The 2012 sales figure you quote is preliminary (before the 5% decrease from the sales that fall through)
The 2013 sales figure you quote is also preliminary.
And the YOY change of the two preliminary figures is indeed -7% as you state.

However TREB's stats for the YOY change is Current Year Preliminary vs Prior Year FINAL. And that is -4%.

Note that they do not publish the Detached mid-month Final stats, only the Preliminary. However if you look at the GTA Final Sales of of 4412, you will note that is approx 5% lower than the GTA Preliminary Sales of 4597 (as published in 2012). See the following two links to compare.

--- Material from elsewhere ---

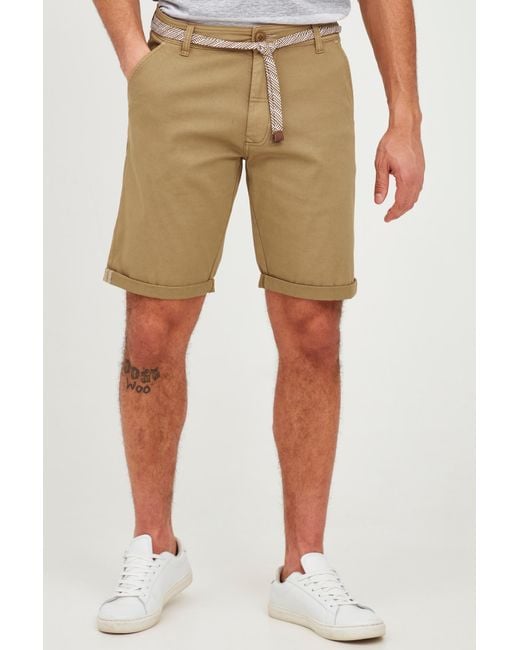 Solid Hose Maris in Brown für Herren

http://www.torontorealestateboard.c...market_updates/news2012/nr_mid_month_0612.htm
http://www.torontorealestateboard.c...market_updates/news2013/nr_mid_month_0613.htm

Holly cow!
I never paid attention to that detail
I never suspected that they can be that dishonest. And I thought that they go back and fix this sort of reports when they finally have the final numbers.

Either way
if I compare the unadjusted 2013 numbers with the unadusted 2012 numbers
or
if I compare the adjusted 2012 with the adjusted 2013 I should get approximately the same differences
 
Last edited:
Holly cow!
I never paid attention to that detail
I never suspected that they can be that dishonest. And I thought that they go back and fix these sort of reports when they finally have the final numbers.

Either way
if I compare the unadjusted 2013 numbers with the unadusted 2012 numbers
or
if I compare the adjusted 2012 with the adjusted 2013 I should get approximately the same differences

recharts: take a look at the excel chart picture in this post and it will clear up everything http://www.torontocondobubble.com/2013/04/toronto-home-sales-are-lower-than-being.html
 
Thank you Nativejack.
This is very informative.
Unfortunately the only reason I can come up with for the methodology change is a "deliberate attempt" to mislead. Is there a more benign explanation? Also, the timing is very suspect.
The classic statement of lies, damn lies, and statistics comes to mind. I wonder when/if some disgruntled very wealthy investors lose a lot of money sue saying they relied on deliberately false data provided by TREB or CREA or other real estate borards and misrepresentation of numbers by TREB and their agents.
 
Eug, by comparing apples to oranges final data to preliminary before allowing the non closings or cancelled sales to be eliminated from the current period sales allows for artificial inflation of the true market sales data..

For comparison sake, I note Treb and others point out right away that there was 1 selling day less during a current period so sales are under reported. They tend not to make much of an issue when there is 1 extra selling day. Here I would suggest Treb would be the screaming if the true sales are 2-4% higher than reported rather than under reported.

I get they are in the business of supporting their sales and industry but it is sad that an industry resorts to "fudging" the numbers. I won't say it is out and out lying but it is getting pretty close in my view.

Similar to mutual fund companies who choose the bottom of the market and then draw a line to the top of the market and report the returns as being much better than what virtually any "real" investor gets. It may be true but it is deliberately done to to misrepresent the true facts.

Please appreciate that most of the public is not well versed in many topics and reads the data and assumes it is an honest representation of the true facts. Just I guess a sad reflection of our whole society in my view.